__What you have to do__:
Only one span of the material below is wanted. Output it exactly, from the line with "Aquamarine Beads Silver" through the line with "Calendar icon set.", without any pictures.

__Data extract__:
= = =
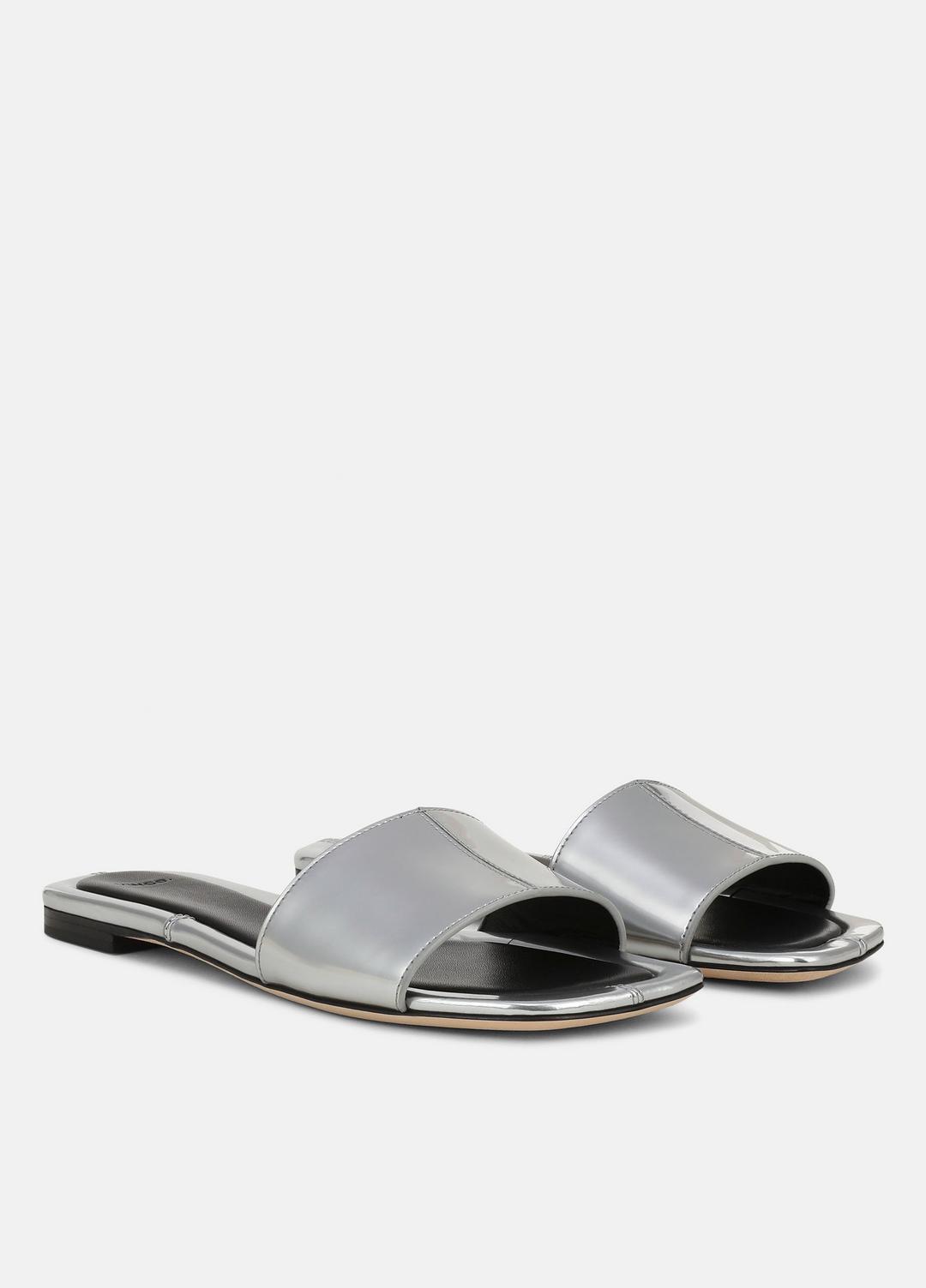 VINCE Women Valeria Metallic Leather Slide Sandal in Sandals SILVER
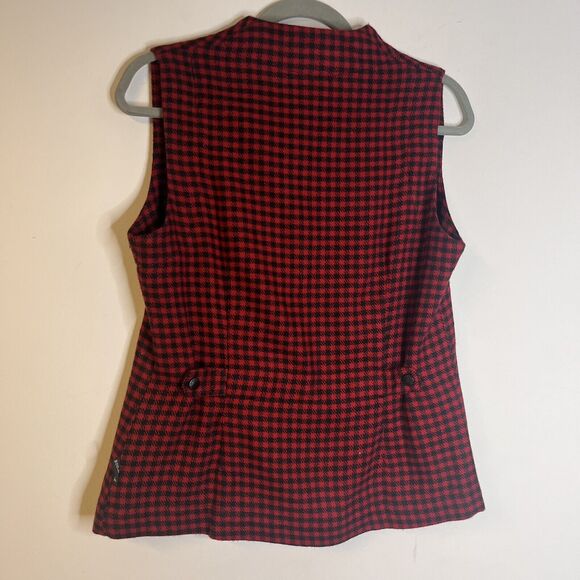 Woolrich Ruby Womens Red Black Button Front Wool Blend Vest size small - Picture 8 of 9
= = =
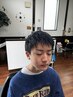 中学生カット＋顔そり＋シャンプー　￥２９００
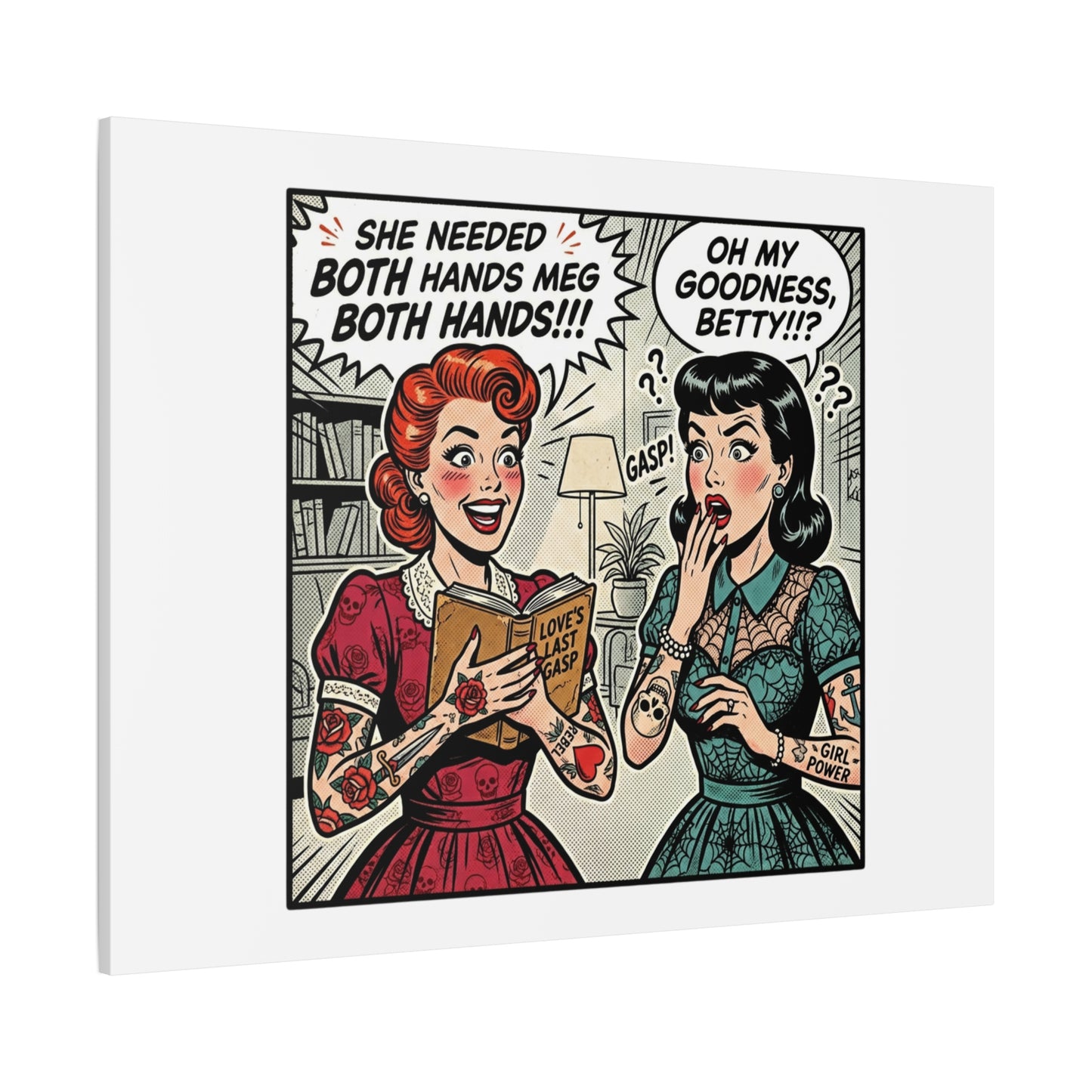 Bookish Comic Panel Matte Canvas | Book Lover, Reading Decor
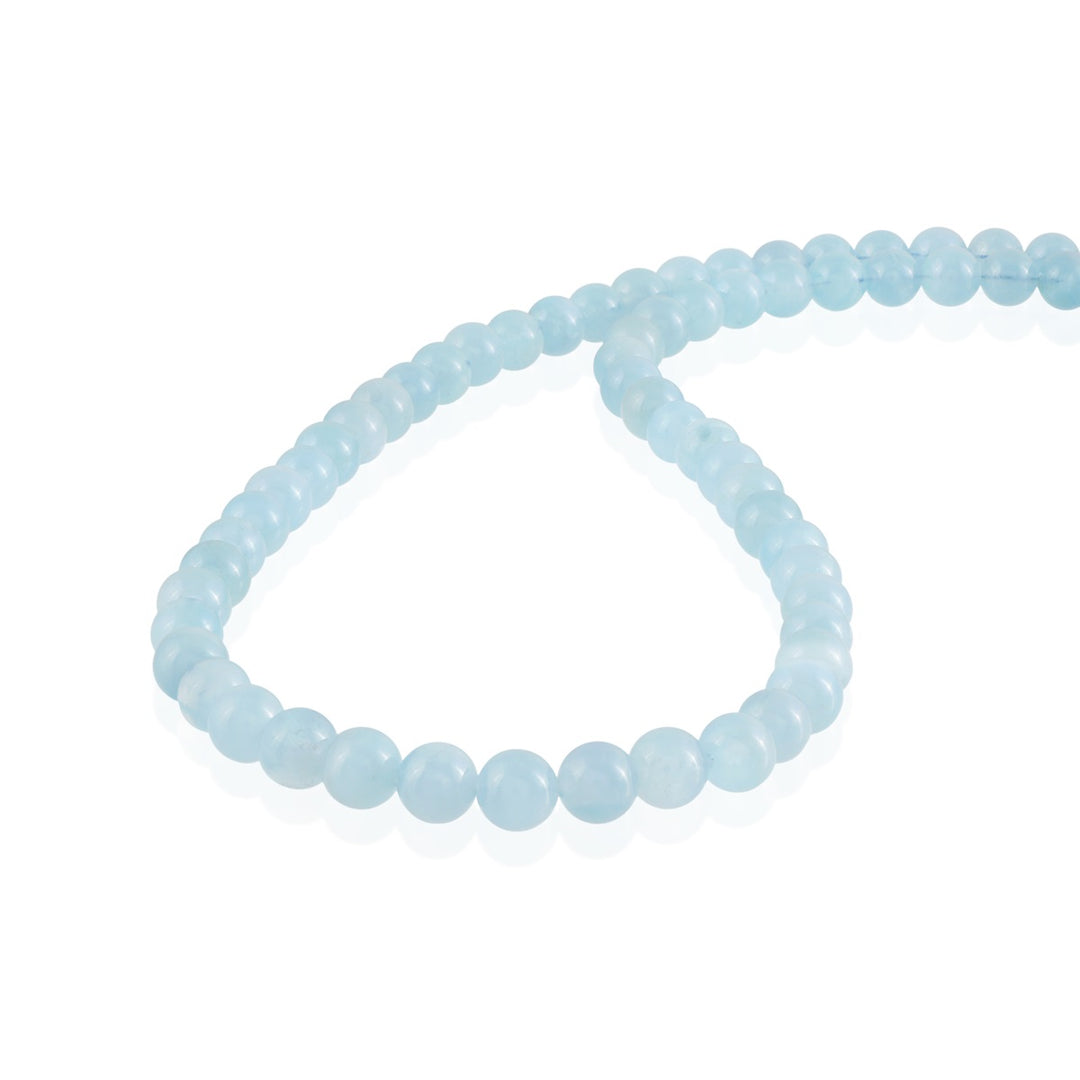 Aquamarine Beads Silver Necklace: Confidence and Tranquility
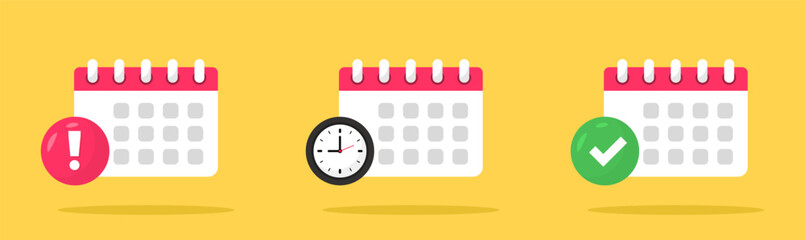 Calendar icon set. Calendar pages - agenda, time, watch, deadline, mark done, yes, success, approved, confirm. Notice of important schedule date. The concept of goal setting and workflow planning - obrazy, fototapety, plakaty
= = =
__Task answer__:
 Aquamarine Beads Silver Necklace: Confidence and Tranquility
 Calendar icon set. Calendar pages - agenda, time, watch, deadline, mark done, yes, success, approved, confirm. Notice of important schedule date. The concept of goal setting and workflow planning - obrazy, fototapety, plakaty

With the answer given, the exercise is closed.